彼は数学のプリントを解き進め、私も横でこれから教える内容の確認をする。
「できました。」
「じゃあ先生は丸付けするから、上原さんはこのプリント解いてちょっと待っててね。」
思ったより速く解けていたのでニコッと微笑んで見せると、彼は少し考えてから口を開いた。
「『上原さん』って、気を使わなくていいですよ。普通に春輝って呼んでください。」
「そっちだって、ため口でいいのに。私にまで敬語使ってると疲れるでしょう?」
「じゃあ、これからはため口で。」
そうこう話しながら私は丸付けを終えた。簡単レベルだったので7割くらい解けてほしかったが、正答率は五割だった。
「はい。終わったよ。20問中10問正解。」
「それってどうなの?」
痛いところを突くな。欲を言うともっと解いてほしかったが。
「…。まあ、これから勉強すればいいし。半分も解いたんだから十分じゃない?」
「先生、もしかして嘘つけない?」
上原さんはそう言って私の顔を覗き込んできた。一瞬だけ目が合って、すぐに私の方からそらした。なんか、じっと見つめてはいけない気がして。
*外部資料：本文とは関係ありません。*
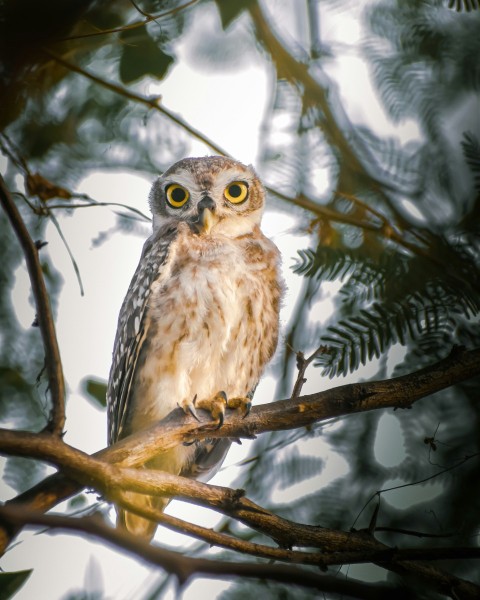 brown owl perched on tree branch during daytime 1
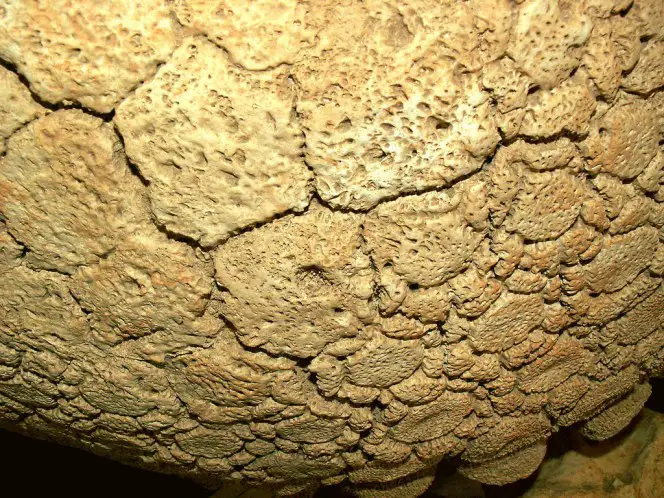 un-descubrimiento-de-mas-de-10-000-anos-de-antiguedad-tiene-locos-a-los-cientificos-en-argentina-1477483644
「いや。正直言うと七割は解いてほしかったですけど…。」
「じゃあ、ここ。二次方程式のとこがわかんなかったから教えて。」
意外にも勉強熱心だなと思う
「ここは、判別式を用いて考えます。軸がマイナスの時は…。」
こんな真面目な少年がアイドルやってるわけだから、それは人気者になるだろうなと感心する。
「解けた!めっちゃわかりやすい!」
「一回解けただけじゃ定着しないから、忘れた頃にもう一度同じ問題出すね。」
言い方は悪いが、華がある人々は勉強しなくても生きていけるわけで、彼も正直そっち側の人間だと思っていた。だが、実際には勉強が嫌いで苦手という感じではなさそうだ。
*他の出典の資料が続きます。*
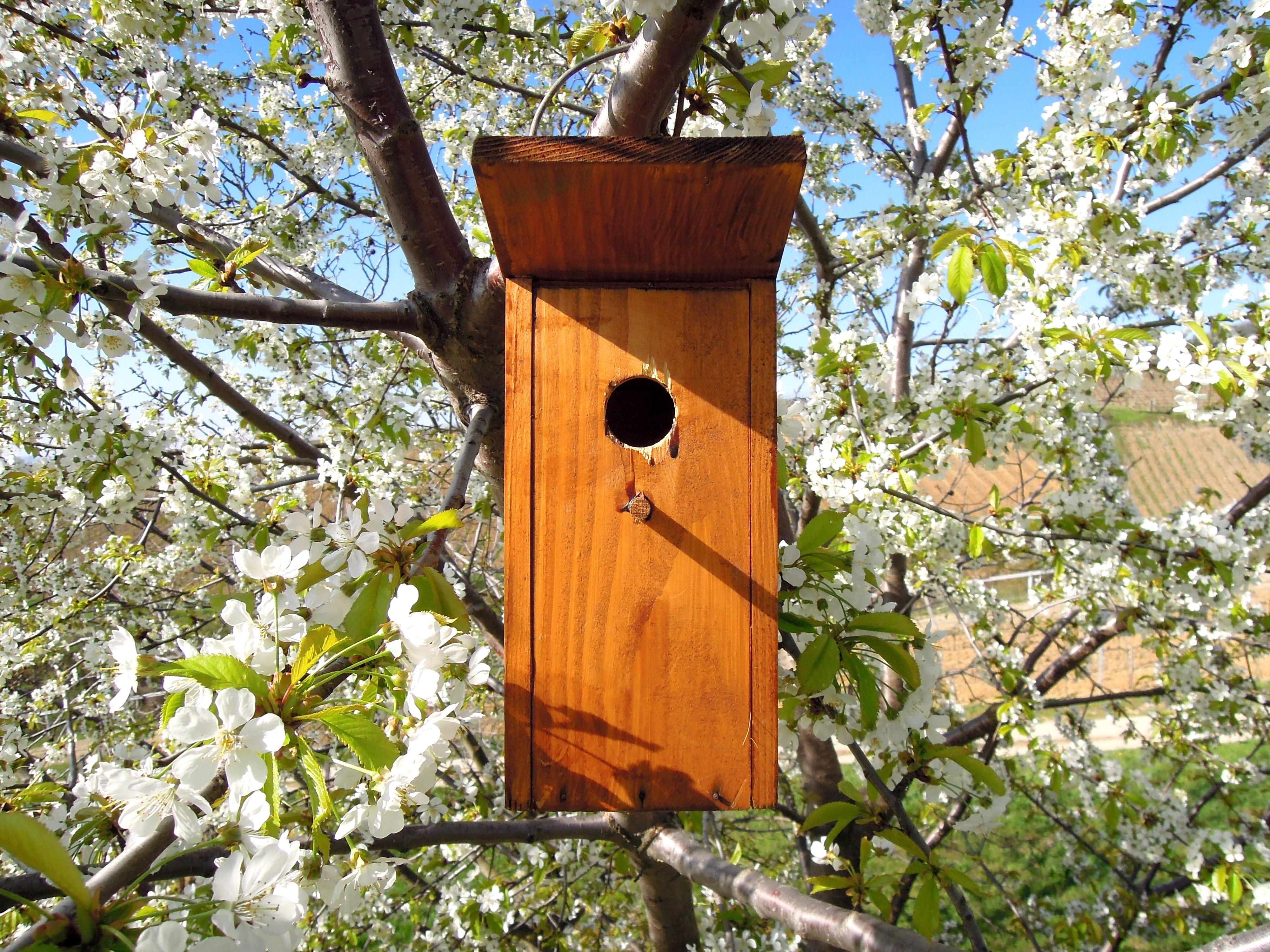 tree, bird house, metal, land, wood - material, low angle view, birdhouse, birds lair, built structure, tree trunk, trunk, beauty in nature, outdoors, odu, HD Wallpaper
「じゃあ次、古典ね。これは文法を覚えて活用する特訓をするしかないから、コツコツやっていこう。」
「先生の、得意な教科って何?」
「うーん。理系だから数学とか物理が好きだけど、いつも一番点数が良かったのは英語だし、世界史選択だったけど日本史もいけるしな…。」
「結局なんでもできるじゃん!」
彼はそう言って笑った。
「逆に、上原さんの得意科目は?」
「うーん。まず下の名前で呼んで?」
彼はいたずらっぽく私を見つめる。
えっと…。
「春輝の得意科目は?」
「おお。名前で呼ばれるの、結構いいな!」
彼はそう言って笑うと続けた。
「学校では上原だし、ファンの皆は『ハル』って呼ぶから、名前で呼ばれるの結構嬉しい。」
私はファンでも先生でもなくて、あくまで家庭教師だと言いたいのか?
そのつもりだよ。
「ちなみに得意科目は体育な。」
そう言うと、彼はもう一度いたずらっぽく笑った。